GOAL OF THE EXERCISE: Word for word, write the records out again, but omit each picture.

◆ ◆ ◆ ◆ ◆ ◆ ◆

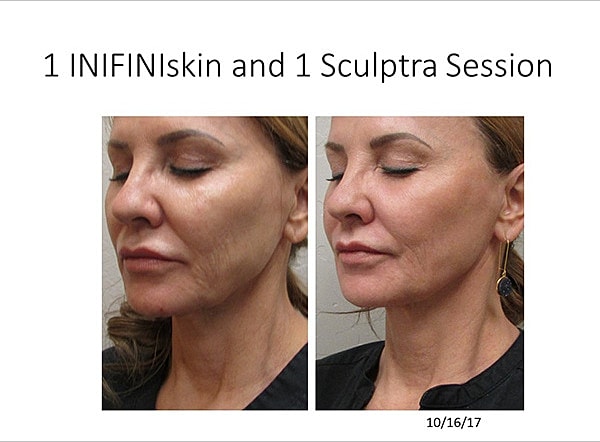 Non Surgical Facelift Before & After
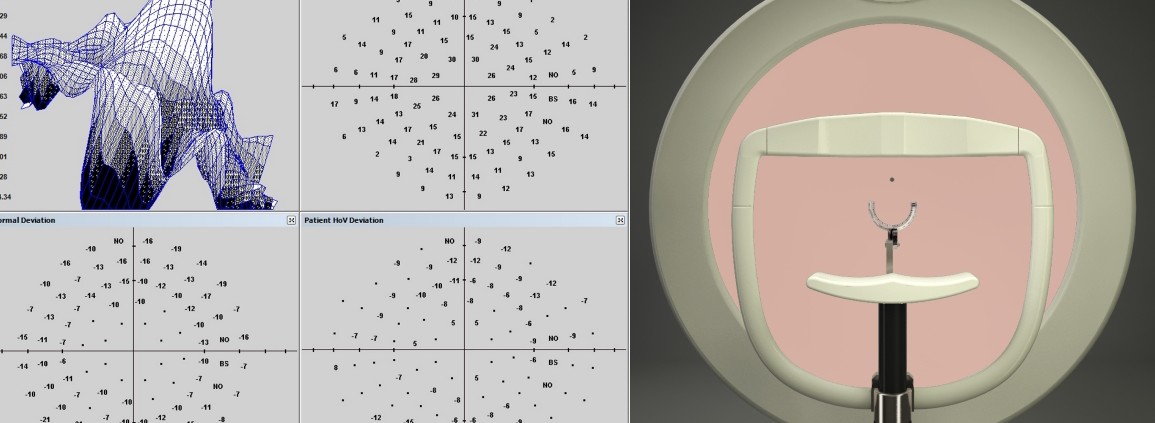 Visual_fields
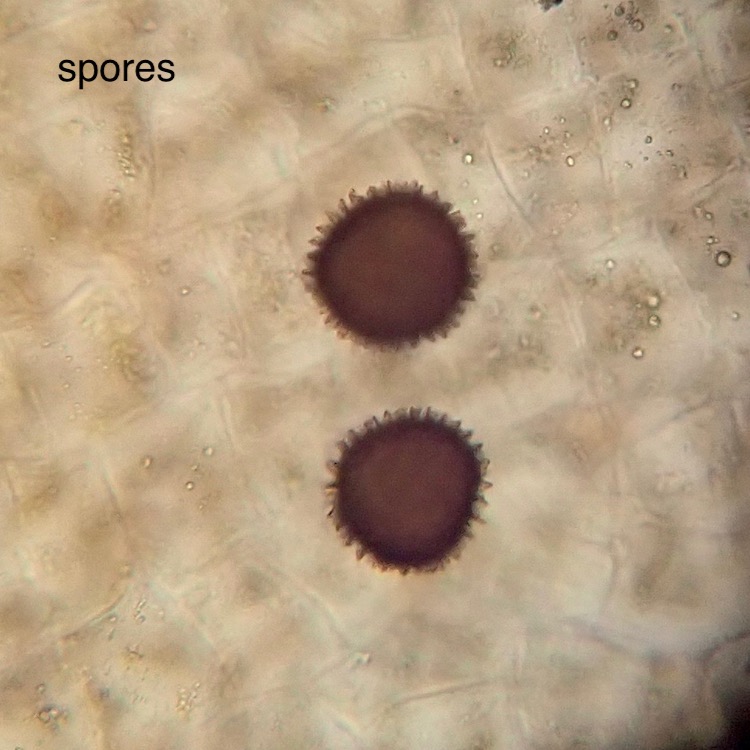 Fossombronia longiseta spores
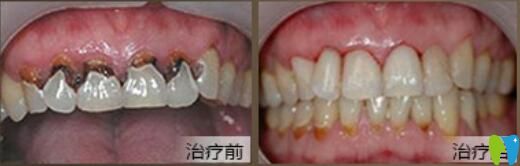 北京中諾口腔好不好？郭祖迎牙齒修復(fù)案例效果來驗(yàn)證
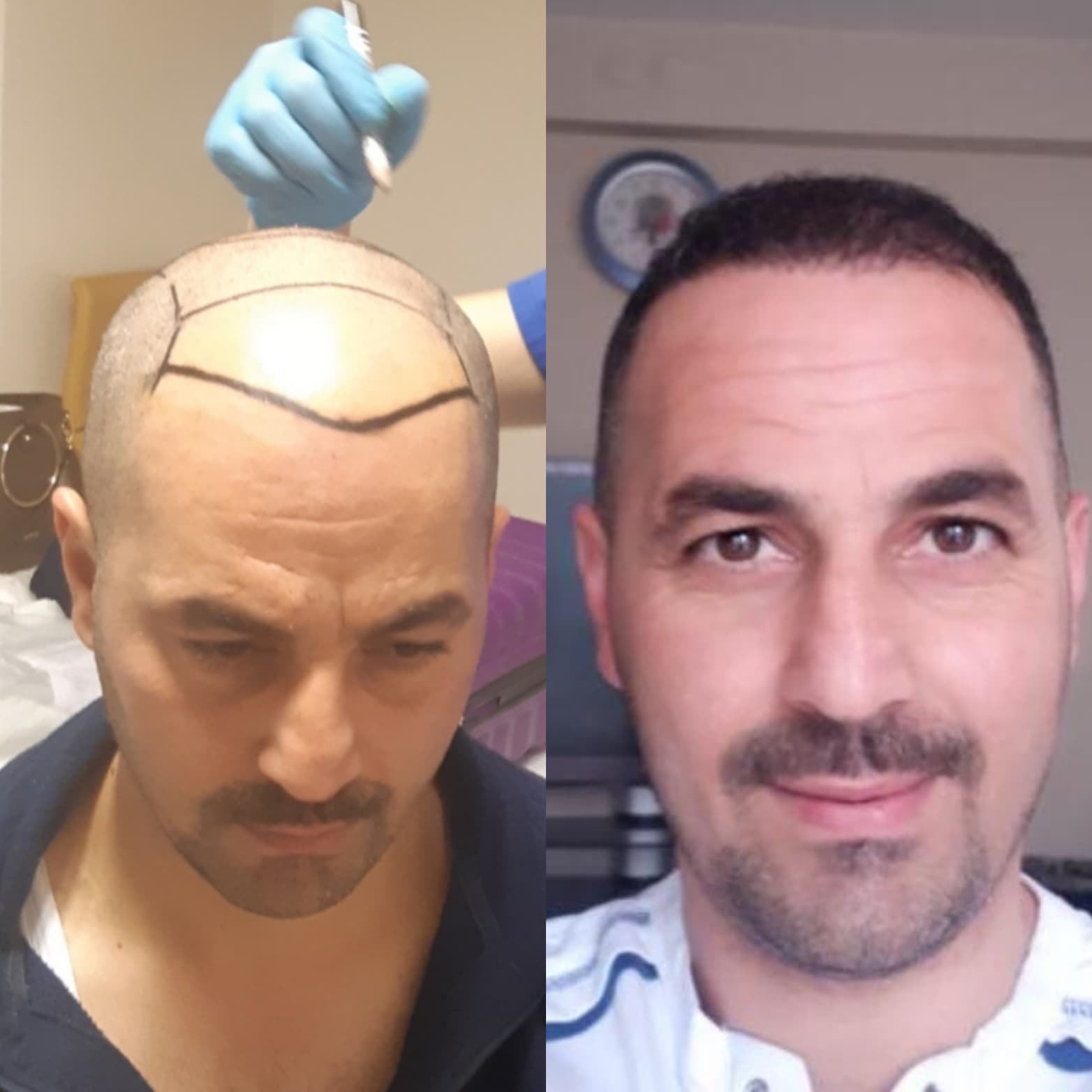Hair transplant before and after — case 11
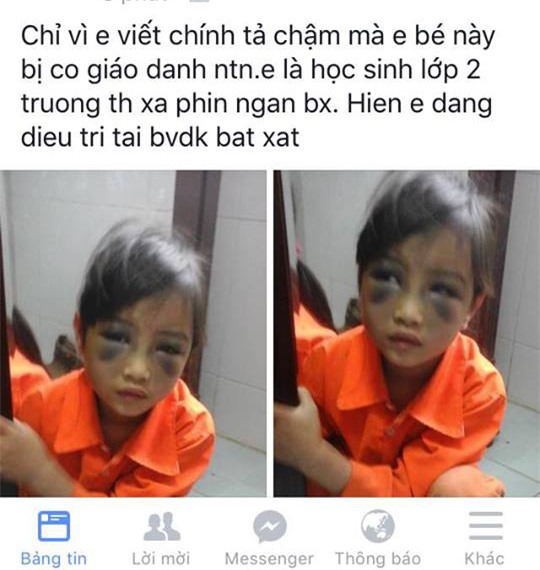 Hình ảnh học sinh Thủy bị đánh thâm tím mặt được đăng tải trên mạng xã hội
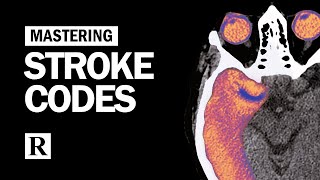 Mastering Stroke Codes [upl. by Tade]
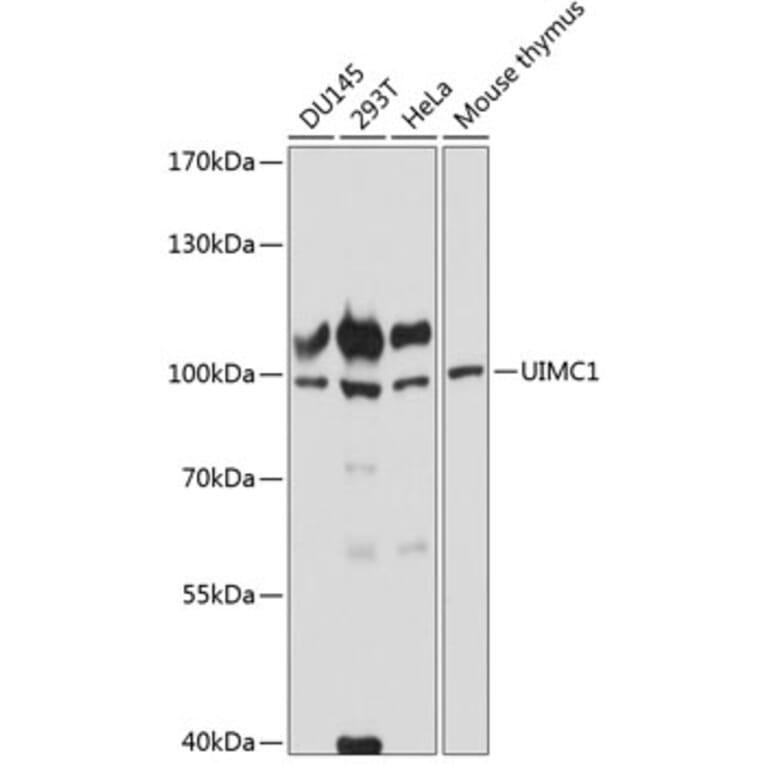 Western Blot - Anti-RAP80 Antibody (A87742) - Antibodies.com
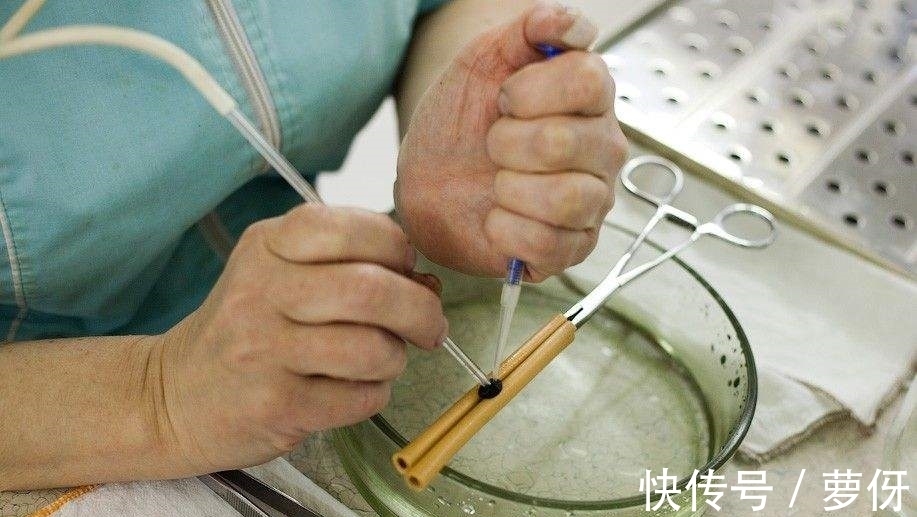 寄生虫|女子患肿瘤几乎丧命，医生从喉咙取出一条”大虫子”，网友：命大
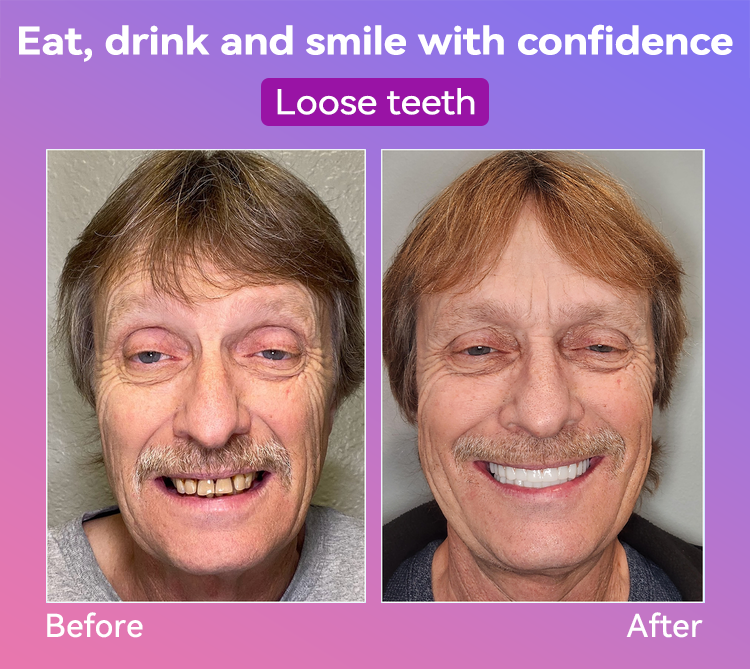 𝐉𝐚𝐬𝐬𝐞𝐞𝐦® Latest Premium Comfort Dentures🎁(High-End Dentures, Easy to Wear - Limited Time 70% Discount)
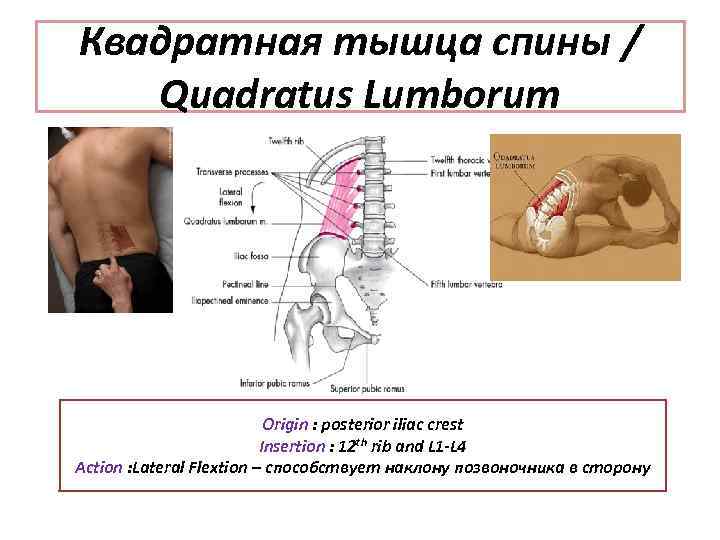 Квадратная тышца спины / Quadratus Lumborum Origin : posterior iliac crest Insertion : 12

◆ ◆ ◆ ◆ ◆ ◆ ◆

WORKED SOLUTION:
 Non Surgical Facelift Before & After
 Visual_fields
 Fossombronia longiseta spores
 北京中諾口腔好不好？郭祖迎牙齒修復(fù)案例效果來驗(yàn)證
Hair transplant before and after — case 11
 Hình ảnh học sinh Thủy bị đánh thâm tím mặt được đăng tải trên mạng xã hội
 Mastering Stroke Codes [upl. by Tade]
 Western Blot - Anti-RAP80 Antibody (A87742) - Antibodies.com
 寄生虫|女子患肿瘤几乎丧命，医生从喉咙取出一条”大虫子”，网友：命大
 𝐉𝐚𝐬𝐬𝐞𝐞𝐦® Latest Premium Comfort Dentures🎁(High-End Dentures, Easy to Wear - Limited Time 70% Discount)
 Квадратная тышца спины / Quadratus Lumborum Origin : posterior iliac crest Insertion : 12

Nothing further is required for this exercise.